I had the same problem. Finally I discovered the reason.
When following the recipe you mentioned, the dhcp-server does not advertise a DNS-server to your guest clients.

You can remedy this in the DHCP-options field for the DHCP-server on the Advanced Settings tab in the LuCi page for your guest network at Network-Interfaces (ht tp://192.168.10.1/cgi-bin/luci/admin/network/network/guest14 in your case).

Your guests won't have problems if they manually have set dns-servers for their wifi connection. Maybe that is the reason the author of the recipe did not notice it isn't working out of the box.

Will try this, maybe this is what's giving problems.

(Last edited by gajotnt on 27 Dec 2016, 14:57)

I found this link wiki.openwrt.org/doc/recipes/guest-wlan-webinterface to be very usefull. It addresses the problem correctly. In other words, it worked for me ;-)

omostan wrote:

I found this link wiki.openwrt.org/doc/recipes/guest-wlan-webinterface to be very usefull. It addresses the problem correctly. In other words, it worked for me ;-)

Are you using the openwrt router has your main internet router?

Do i have to plug the ethernet cable on the wan port instead of one of the ethernet ports?

gajotnt wrote:

Are you using the openwrt router has your main internet router?

Do i have to plug the ethernet cable on the wan port instead of one of the ethernet ports?

Well, if I understood you correctly... yes!

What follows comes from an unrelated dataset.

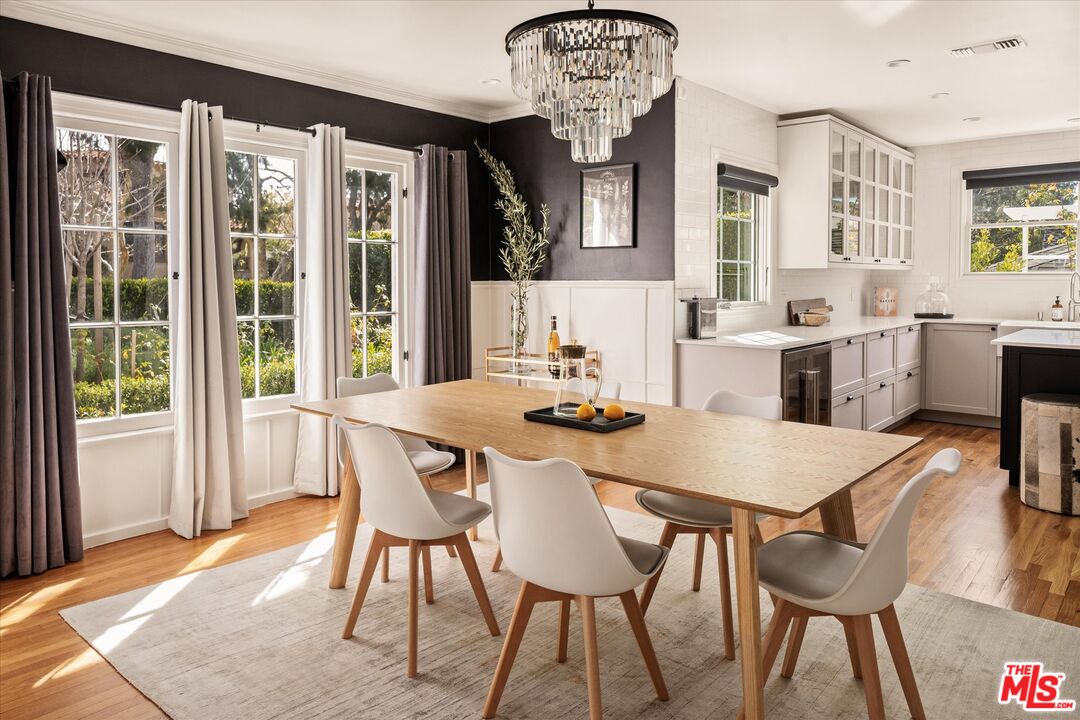 1735 Idlewood Road Glendale, CA 91202 - Photo 9 of 64 a view of a dining room with furniture window and wooden floor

If you're asking whether the router I have openwrt on is my main router (Gateway).

Just connect your LAN (local Net) and WAN (for Internet) cables as you normally have them connected and follow the instructions.

The thing is i dont use the WAN interface.

Here is an example of one of the networks were I use guest networks (using DDWRT):

feppv.pt/wp-content/uploads/network.png

The ISP Router has restricted access, so I cant do much there. But using DDWRT i can acomplish what i need, its just that overtime i have found that openwrt is so much more reliable than ddwrt, the guest network over the LAN interface instead of the WAN is just this one thing that i cant seam to acomplish.

Like i said above, in ddwrt i create a new virtual SSID, then create a new bridge (br1) with DHCP server and with a few firewall rules everything works.

#Firewall Rules
iptables -I FORWARD -i br1 -m state --state NEW -j ACCEPT
iptables -I FORWARD -p tcp --tcp-flags SYN,RST SYN -j TCPMSS --clamp-mss-to-pmtu
iptables -I FORWARD -i br1 -d `nvram get lan_ipaddr`/`nvram get lan_netmask` -m state --state NEW -j DROP
iptables -t nat -I POSTROUTING -o br0 -j SNAT --to `nvram get lan_ipaddr`
iptables -I INPUT -i br1 -m state --state NEW -j DROP
iptables -I INPUT -i br1 -p udp --dport 67 -j ACCEPT
iptables -I INPUT -i br1 -p udp --dport 53 -j ACCEPT
iptables -I INPUT -i br1 -p tcp --dport 53 -j ACCEPT

#Block torrent and p2p
 iptables -I FORWARD -p tcp -s 192.168.2.0/24 -m connlimit --connlimit-above 50 -j DROP
 iptables -I FORWARD -p ! tcp -s 192.168.2.0/24 -m connlimit --connlimit-above 25 -j DROP

#Block guest access to router services
 iptables -I INPUT -i br1 -p tcp --dport telnet -j REJECT --reject-with tcp-reset
 iptables -I INPUT -i br1 -p tcp --dport ssh -j REJECT --reject-with tcp-reset

#OpenDNS Family Shield
iptables -t nat -I PREROUTING -i br1 -p udp --dport 53 -j DNAT --to 208.67.222.123 
iptables -t nat -I PREROUTING -i br1 -p tcp --dport 53 -j DNAT --to 208.67.220.123

The discussion might have continued from here.